Aún no existía el Anfiteatro Anatómico,
es decir, no pudo ver,
apoyado en las barandas de madera,
las disecciones que cerca de la primera grada
realizaba el maestro, y más abajo,
cómo una barca se llevaba luego
los despojos hacia el río...
De todos modos, su pasión eran los cielos.

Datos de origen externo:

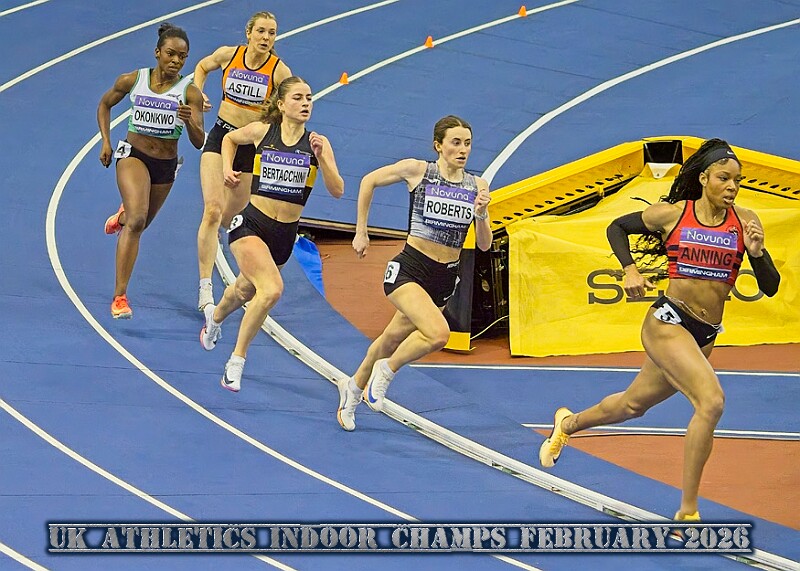 20260214 UKAINDDORSSATA00225A.JPG
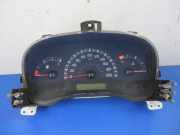 Tachometer Fiat Panda Van (312) 46801545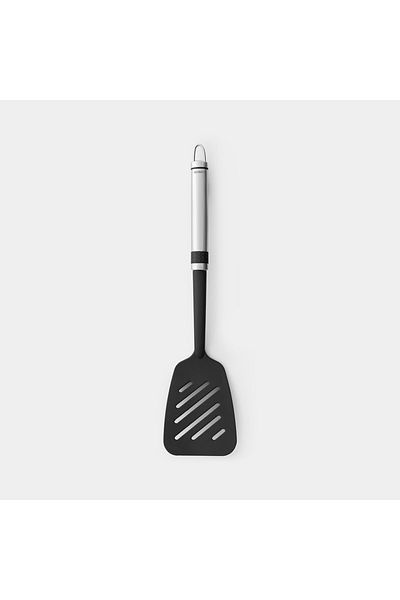 Brabantia Large Spatula - Evrekala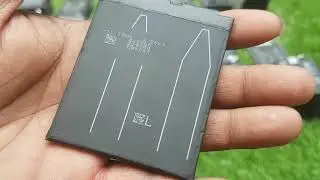 mi bn34 original battery | which type of original battery mi bn34
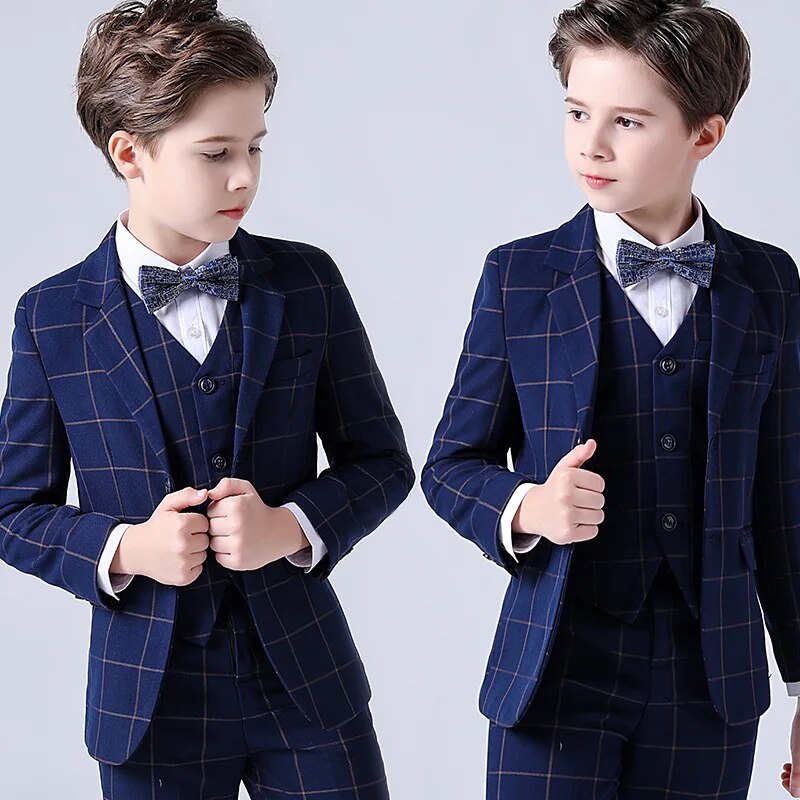 Kids best sale birthday suits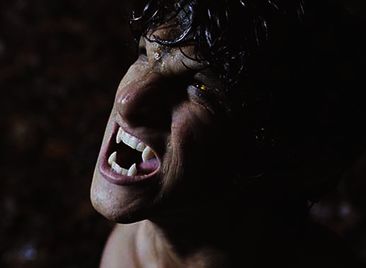 Neuer Sendeplatz für Season 3! Teen Wolf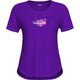 CRAZY Shirt Exit donna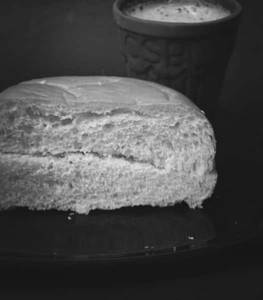 Maska Bun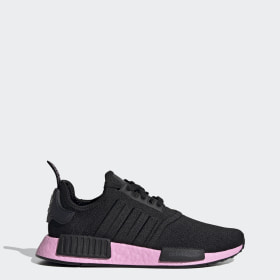 nmd adidas mujer
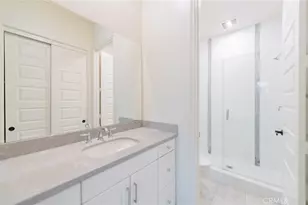 112 Ritual, Irvine, CA 92618 - Photo 6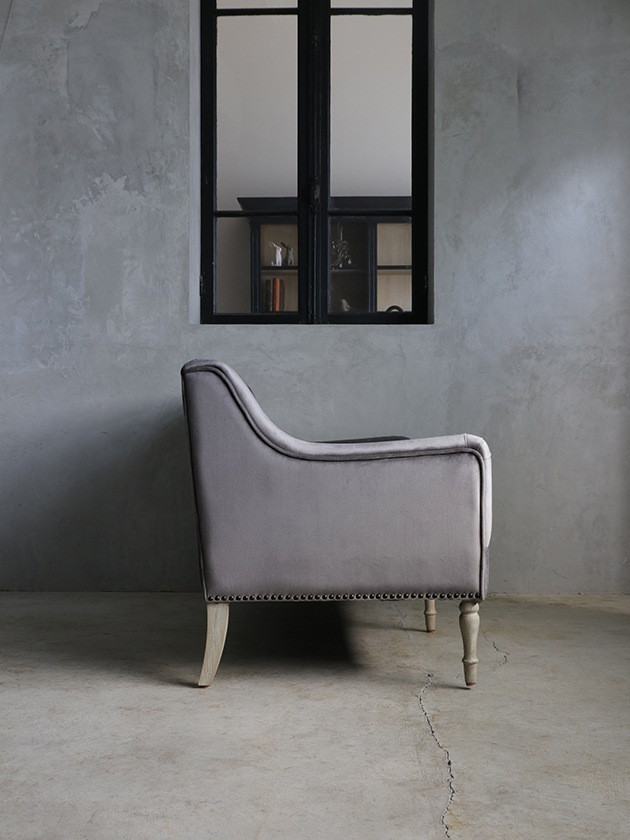 SGD���ե�Helene�饤�ȥ��졼�٥�٥å�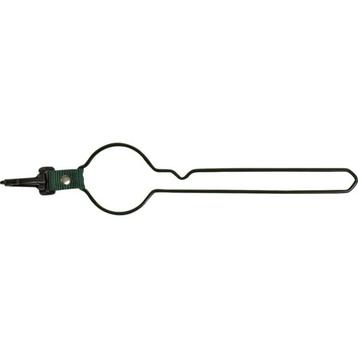 Game carrier f/belt beschikbaar voor biedingen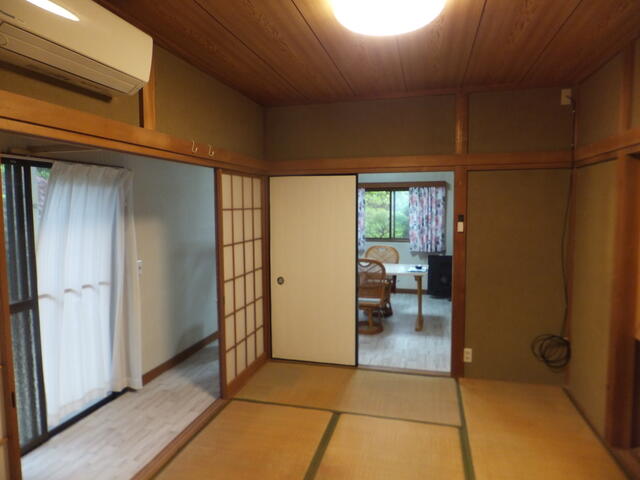 detached 千葉県木更津市八幡台３丁目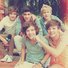 amino-One Direction-f0a4397d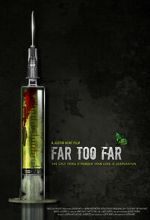 Watch Far Too Far Zoechip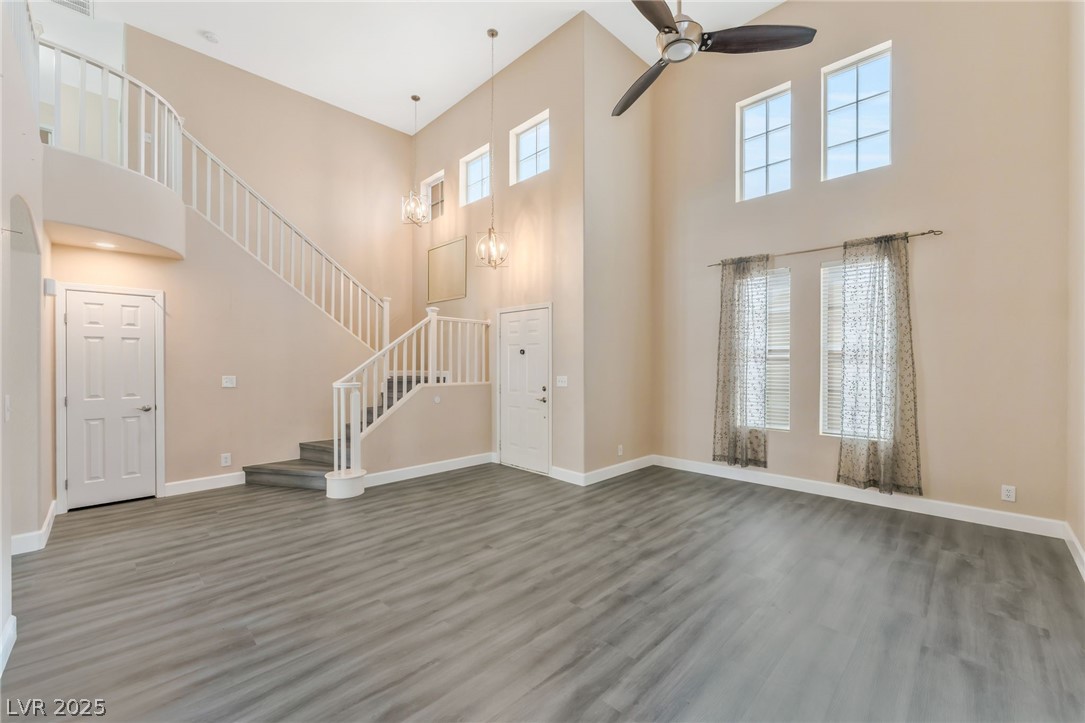 9578 Teton Vista Avenue Las Vegas NV 89117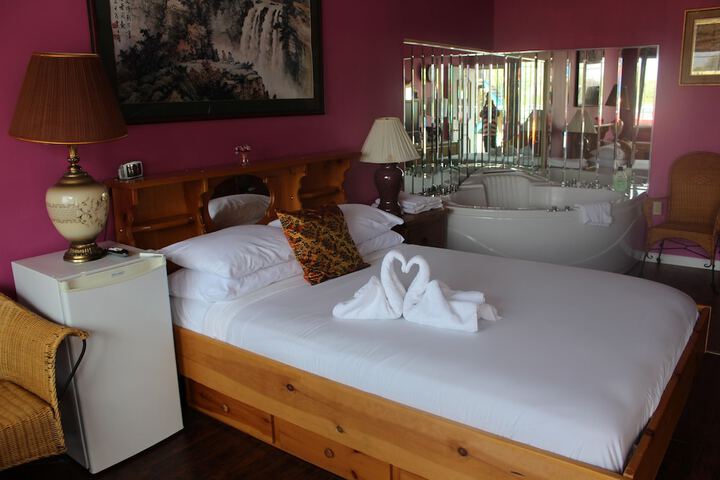 Room 20 of 88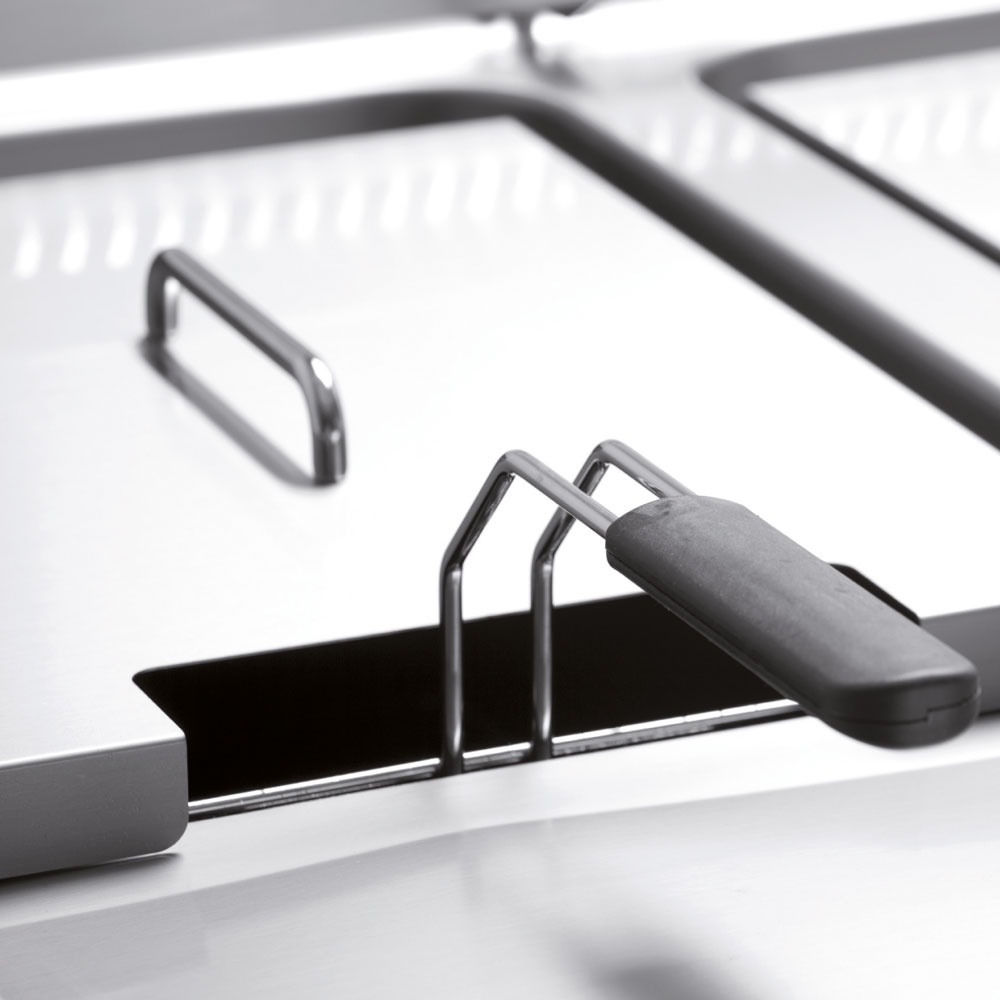 002FRITEUSE-DETAIL-big.jpg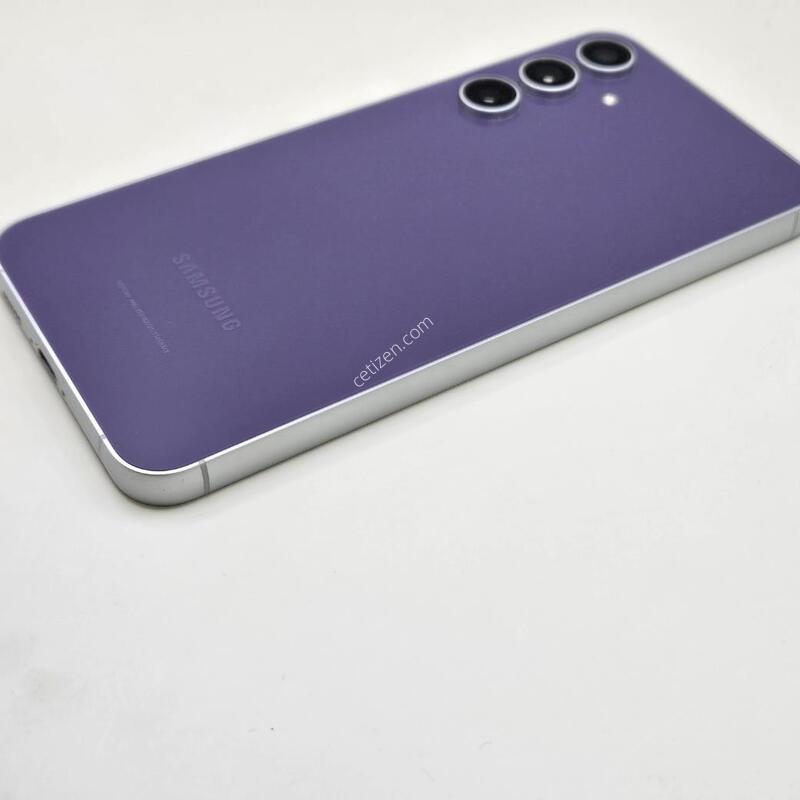 S�� ������S23FE ���� �ֻ�ǰ �߰��� ���ΰ���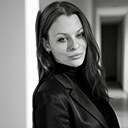 Ксения, 35 лет
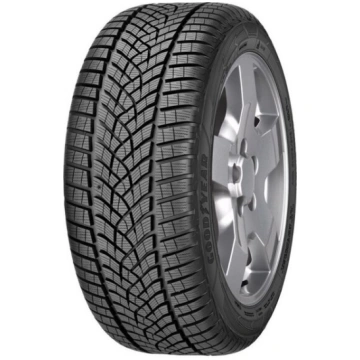 Goodyear UltraGrip Performance+ 155/70R19 84 T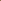 Garnier color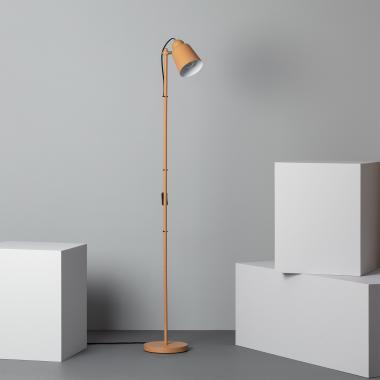 Product van Staande Lamp Ulux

No había cuerpos ligeros allí,
no existía un círculo de fuego
que separara las estrellas de la tierra
quieta y plana en lo hondo.
La tierra giraba alrededor del sol
y de su propio eje. Ni sus movimientos,
ni los de ningún cuerpo celeste,
eran rectilíneos.
Su plasmación matemática
no coincidía con lo que se había dicho.
Si los de los planetas se referían
a la circunvalación de la tierra,
el cielo quedaría encajado
y no se podría cambiar nada
sin que se produjera una enorme confusión.
Además, el aire y el agua
eran elementos de la tierra. Y la caída por el peso
y el elevarse del fuego no eran simples,
se debían siempre
a una perturbación de la naturaleza.
Y la gravedad...
Era necesario, sí, escribiría un nuevo Almagesto.
Pero no había prisa.
Horacio tenía razón:
“Si escribes algo no debes publicarlo al punto,
tienes que esperar que pase un año.”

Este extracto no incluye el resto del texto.